The place where this tree grew had a steady breeze and sometimes a brisk wind.
The tree tends to lean a bit.
And then the old barn fell down changing the wind pattern.
As the tree grew, it encountered a low hanging limb from an old dead tree nearby. The young tree grew around that limb and developed a bit of a "hunch" about mid-way up the trunk.
Years later, that old, dead tree was cut down for firewood, leaving only the stump.
Many years later, after the barn and dead tree were gone, a tree guy looked at the now mature tree and analyzing the tree, said:
That lean looks like lean I've seen in other trees. There must have been a lot of shade here and the young tree was leaning toward the light.
That hunch looks like the hunch I've seen in other trees. Looks like something fell on it which someone later removed.
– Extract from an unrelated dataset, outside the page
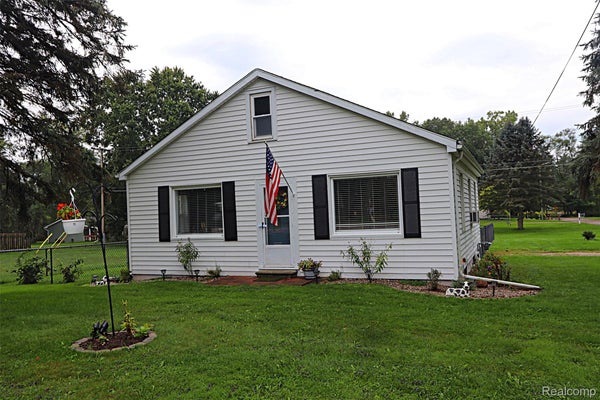 5018 E GRAND RIVER RD, WEBBERVILLE, MI 48892 - Image 5fcdfb2f0b6f450faf95c514e487d55f/1022439286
I enjoyed watching the tree grow, noticing... the process…
The tree guy approached the tree analytically, identifying data points, comparing…
When I started practicing Zhan Zhuang in the Wujifa system, I “naturally” compared this new system to systems I learned before: What’s the same? What’s different? What’s the data?
But I did not “naturally’ learn this way when I was young, when there was no previous experience to compare to. I either jumped in with curiosity and excitement or held back in fear.
After years of practicing, then I began learning.
I suppose I can compare external systems; systems based on a collection of forms and techniques like the tree guy did.
However, when I tried to compare my previous experiences in external, technique-based systems (including faux Tai-chi), with an internal feeling-based system, I learned that analysis leads to paralysis, not to progress.
I had to stop analyzing and start feeling kinesthetically. Then I had to stop analyzing "the feeling", because "the feeling" changes. Now, I may be ready to start learning the process.